# Firearms and Shooting > Pistol Shooting >  Long shot

## nzfubz

Would anyone have a Dawson 2011 mag tuning set I could borrow for an evening? Can pay in beer/wine/whiskey.

----------


## R93

Never heard of one till now. But I will happily accept all your whiskey 😆

Should we buy one as a group if you can't find one?

One of my sps mags is a bit iffy.

Sent from my SM-G935F using Tapatalk

----------


## Beaker

Just buy a cz, don't need this type of stuff.....  :Have A Nice Day:

----------


## nzfubz

> Never heard of one till now. But I will happily accept all your whiskey 
> 
> Should we buy one as a group if you can't find one?
> 
> One of my sps mags is a bit iffy.
> 
> Sent from my SM-G935F using Tapatalk


Could be an option, I have asked on the IPSC face plant page too so will see how I go. I don't trust myself with a vice and hammer  :Have A Nice Day:

----------


## R93

> Could be an option, I have asked on the IPSC face plant page too so will see how I go. I don't trust myself with a vice and hammer


I am in if you decide to buy one.

I have one follower that sits funny in the mag and sometimes causes a malfunction on the last 2 rounds.



Sent from my SM-G935F using Tapatalk

----------


## R93

> Just buy a cz, don't need this type of stuff.....


Doesn't the CZ have magazines? 

Send me one of your mags and I will send it back to you so that you will need a jig like this😆

Sent from my SM-G935F using Tapatalk

----------


## Beaker

If it's the same as you and a grinder on a trigger, I'll happily send them to you  :Have A Nice Day: 


Stepping back from this kit, what is it trying to achieve ?

----------


## nzfubz

> If it's the same as you and a grinder on a trigger, I'll happily send them to you 
> 
> 
> Stepping back from this kit, what is it trying to achieve ?


Just due to use, dropping etc the feed lips get bent out of shape and width. This lets you shape the feed lips and the pliers let you bend the front and rear so your rounds face the feed ramp correctly and eliminate miss feeds (all going well)

----------


## R93

> If it's the same as you and a grinder on a trigger, I'll happily send them to you 
> 
> 
> Stepping back from this kit, what is it trying to achieve ?

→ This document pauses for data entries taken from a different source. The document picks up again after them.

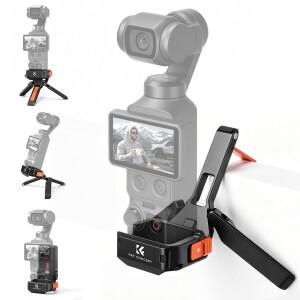 K&F CONCEPT PP63 DJI 오즈모 포켓 4 / 3용 마그네틱 확장 프레임 알루미늄 합금 보호 케이지 휴대용 브래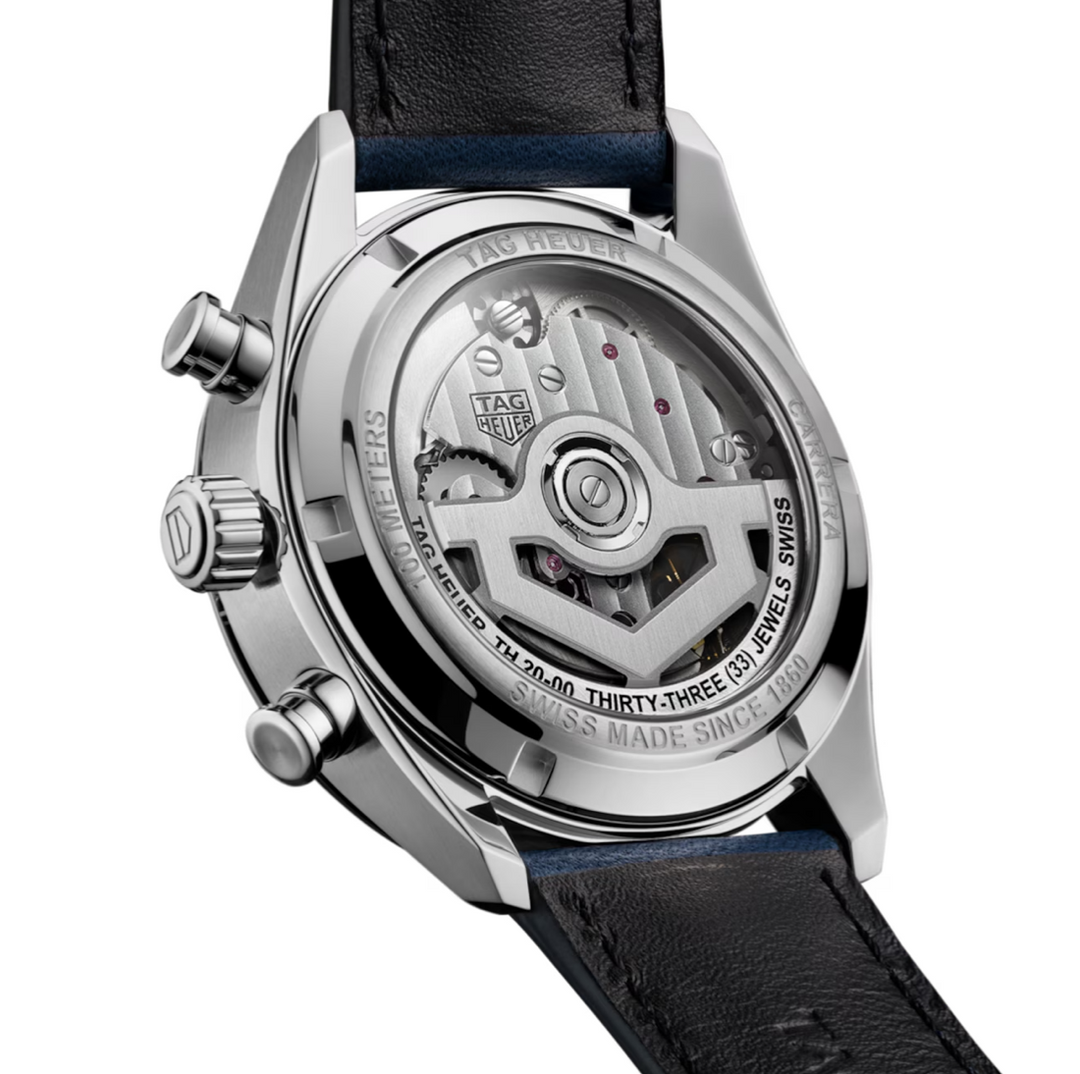 Carrera Chronograph Blue Dial and Strap 42MM Watch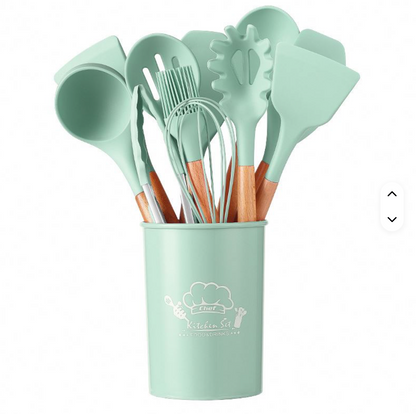 Set de Utensilios de Silicona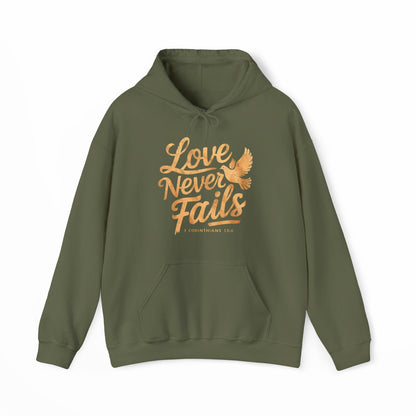 Love Never Fails Vintage Hoodie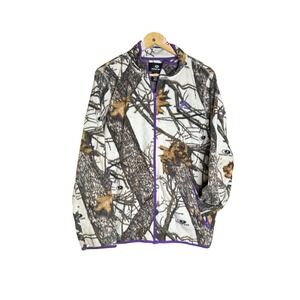 Mossy Oak Camo Fleece Jacket Full Zip Outdoor Hunting Woods Print XXLG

I wish the 2011 trigger mech was as simple to work. (It probably is) Just I haven't worked on one yet so am having to send mine away to a fella that has the skills to get my trigger where I want it. Gun was way to pricey to muck up with a course grinder and rasp that I used on yours 😆

If you ever wanna sell that shadow I want first rights. I could have a play with it in standard div.



Sent from my SM-G935F using Tapatalk

----------


## Ozzy

> I wish the 2011 trigger mech was as simple to work. (It probably is) Just I haven't worked on one yet so am having to send mine away to a fella that has the skills to get my trigger where I want it. Gun was way to pricey to muck up with a course grinder and rasp that I used on yours 
> 
> If you ever wanna sell that shadow I want first rights. I could have a play with it in standard div.
> 
> 
> 
> Sent from my SM-G935F using Tapatalk


Standard and Minor aren't the best combination.

----------


## R93

> Standard and Minor aren't the best combination.


True. But I can't get any worse😆

Sent from my SM-G935F using Tapatalk

----------


## Ozzy

> True. But I can't get any worse
> 
> Sent from my SM-G935F using Tapatalk


Don't speak too soon :p

----------


## R93

> Don't speak too soon :p


Prick! But you're probably right😆

Sent from my SM-G935F using Tapatalk

----------


## Towely

I have been meaning to buy one of them dawson kits for a while now but i consider them a one time use item so never did. Being a real backyard hobby engineer that i am i found the feed lip dimensions online and proceeded to use a small rod to pry the lips apart and to about the right width  :Wtfsmilie: 

Its worked for about 6 months but i should realy just buy the kit and do it properly  :Grin:

----------


## R93

> I have been meaning to buy one of them dawson kits for a while now but i consider them a one time use item so never did. Being a real backyard hobby engineer that i am i found the feed lip dimensions online and proceeded to use a small rod to pry the lips apart and to about the right width 
> 
> Its worked for about 6 months but i should realy just buy the kit and do it properly


That's 3 now.

 I'm keen to pitch in for one.



Sent from my SM-G935F using Tapatalk

----------


## nzfubz

Will be $186 nzd landed who else is in, so far  @R93 and me, @Towely?

----------


## R93

> Will be $186 nzd landed who else is in, so far  @R93 and me, @Towely?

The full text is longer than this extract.